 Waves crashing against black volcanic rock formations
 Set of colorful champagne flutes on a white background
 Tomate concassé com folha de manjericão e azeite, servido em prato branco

....

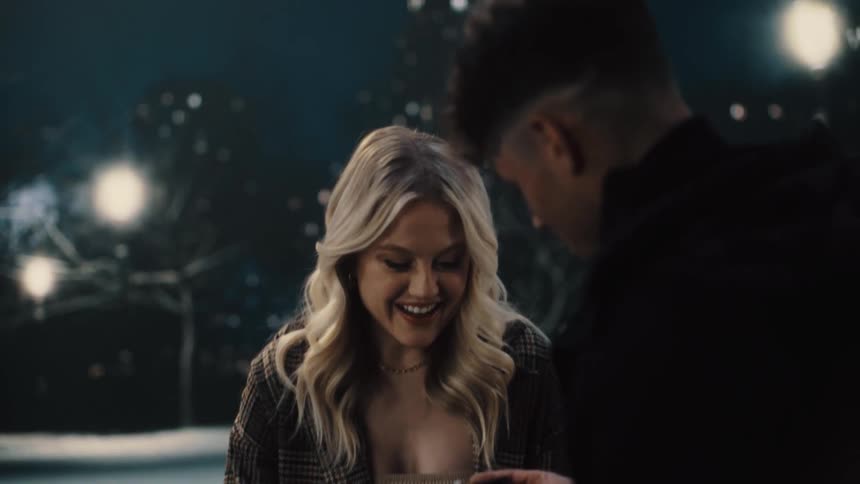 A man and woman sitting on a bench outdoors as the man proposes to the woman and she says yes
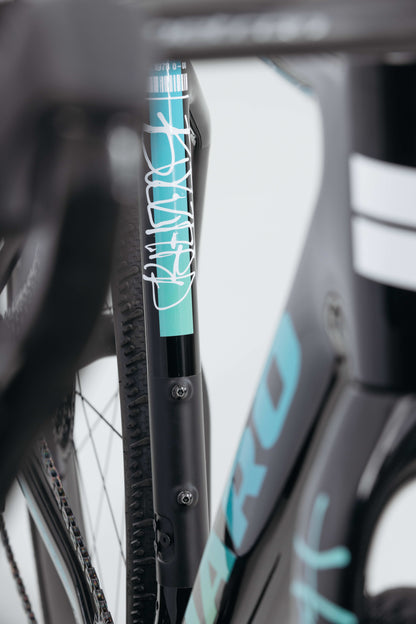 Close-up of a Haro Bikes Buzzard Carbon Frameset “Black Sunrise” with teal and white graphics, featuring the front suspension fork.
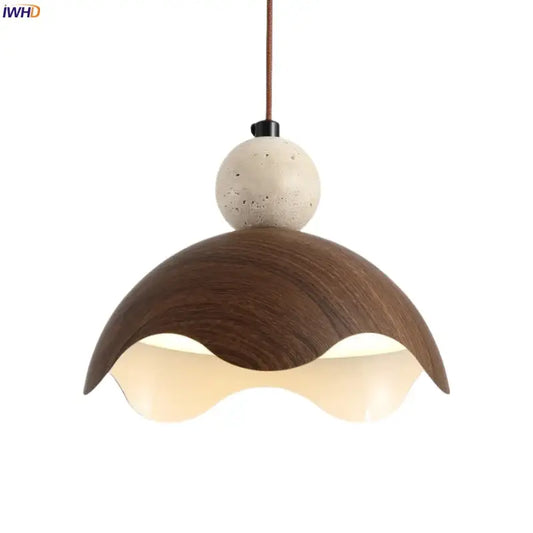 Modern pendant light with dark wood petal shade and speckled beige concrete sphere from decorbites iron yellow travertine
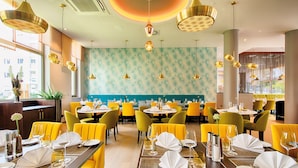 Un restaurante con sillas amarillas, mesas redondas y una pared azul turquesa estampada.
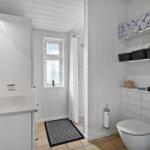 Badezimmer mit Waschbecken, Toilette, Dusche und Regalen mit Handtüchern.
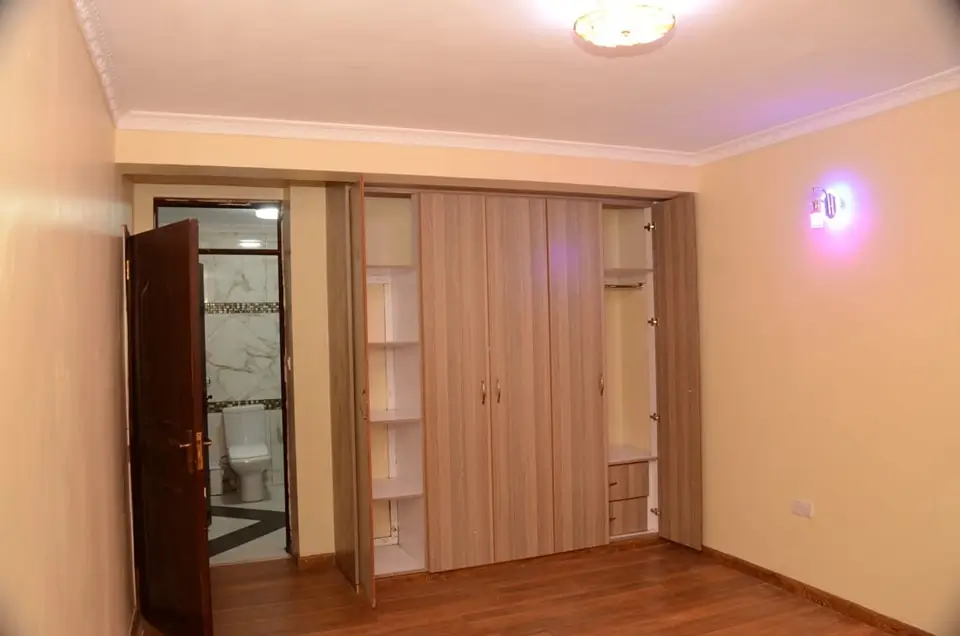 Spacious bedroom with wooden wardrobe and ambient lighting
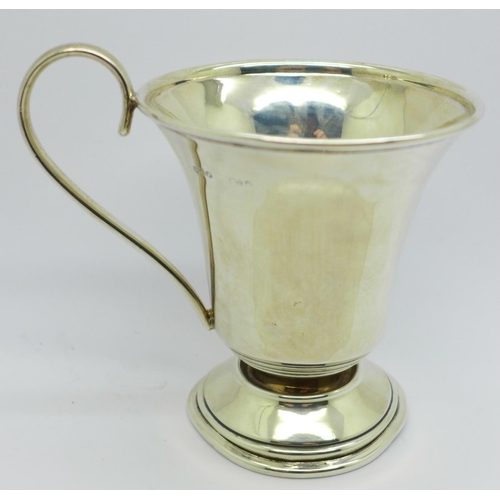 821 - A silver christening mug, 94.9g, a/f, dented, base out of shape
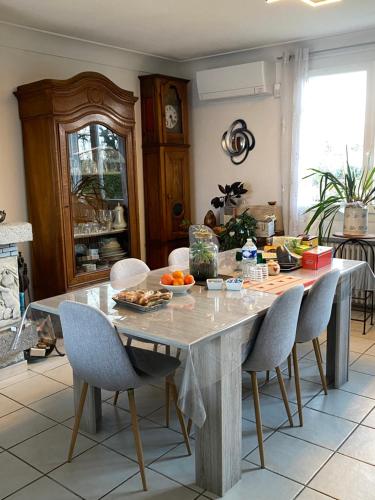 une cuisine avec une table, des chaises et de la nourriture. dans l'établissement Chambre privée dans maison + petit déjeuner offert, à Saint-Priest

....

YOUR INSTRUCTIONS:
What you give back should be only the lines of the records above, starting at the line with "Waves crashing against" and ending at the line with "Tomate concassé com", restated word for word.

RESPONSE TO THE EXERCISE:
 Waves crashing against black volcanic rock formations
 Set of colorful champagne flutes on a white background
 Tomate concassé com folha de manjericão e azeite, servido em prato branco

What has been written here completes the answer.